What a "Hurricane Joe Benson" load looks like

Over the past decade, the Wealthy Nation West (WNW) suffered under the heavy load of conscience-grubbing photos by Pieter Hugo combined with "fun anti-facts" by Basel Action Network and Greenpeace.  The bright regulators in Europe and PACE, Interpol, StEP and Secretariat of the Basel Convention were busy at work, designing tests and enforcement procedures to protect African consumers from the wicked or accidental fallout from Africa Tech Sector Importers like Joe "Hurricane" Benson.

The tests were difficult, a thankless task for scores of customs agents who struggled to program their VCR machines in the 90s, and who probably paid for Windows 8 upgrades and have 2 smartphones and 3 flip phones in their dresser.  The diagrams drawn by Europeans showed used PCs heading down a pipeline of decisions, like a stool down a chamber of drains.  The generator was the "actor", a fetish of guilt and liability attached to the used electronic "waste" device.

WNW could have saved a lot of money on sewers if Africans were at all motivated to come to America and Europe and pay to ship our feces and urine to unregulated rivers.  But of course, why would an African do that?
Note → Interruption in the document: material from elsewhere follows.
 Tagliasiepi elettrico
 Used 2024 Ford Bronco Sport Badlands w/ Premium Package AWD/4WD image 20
Interpol, UNEP, and others repeated ad nauseum the fake fact that TVs and monitors had lots of gold and were worth lots of money when banged apart by kids with hammers.  That millions of dollars were spent, and Hurricane Joe Benson imprisoned, based on the malarky that avoided disposal cost was an ATM for Africans is shocking because anyone who spent 15 minutes taking apart a display device and weighing the copper on a bathroom scale could tell you it was nonsense.
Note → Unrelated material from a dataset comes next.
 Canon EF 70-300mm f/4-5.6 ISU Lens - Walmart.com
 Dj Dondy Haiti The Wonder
They counted the number of TVs in Joe Benson's containers, but they never employed the math to show that the value of the copper never paid for the shipment of the container, only the reuse did.  But far be it from Europe to take economics and African judgement into consideration.

The used electronics resembled waste, and anything downstream from Europe was to be mopped up.

As it turns out, "it's not about you".




To you, in Europe and USA, this looked like a mess.  To you, it was informal.  To you, pallets of tightly stretch-wrapped uniform units looked "safer".  You profiled loads like this.

Because you never spoke to an African that has 20 employees but no forklift.  You never spoke to the importer who sells the load to four different shops, based on the number of keyboards, mice, etc. they need.

This is about presumption.



You presumed that if you arrest this guy, the Africans will pay more for loads that are prepared to YOUR standards, loads packaged by white employees earning $15 per hour, and they will still buy them and still get online and live happily ever after.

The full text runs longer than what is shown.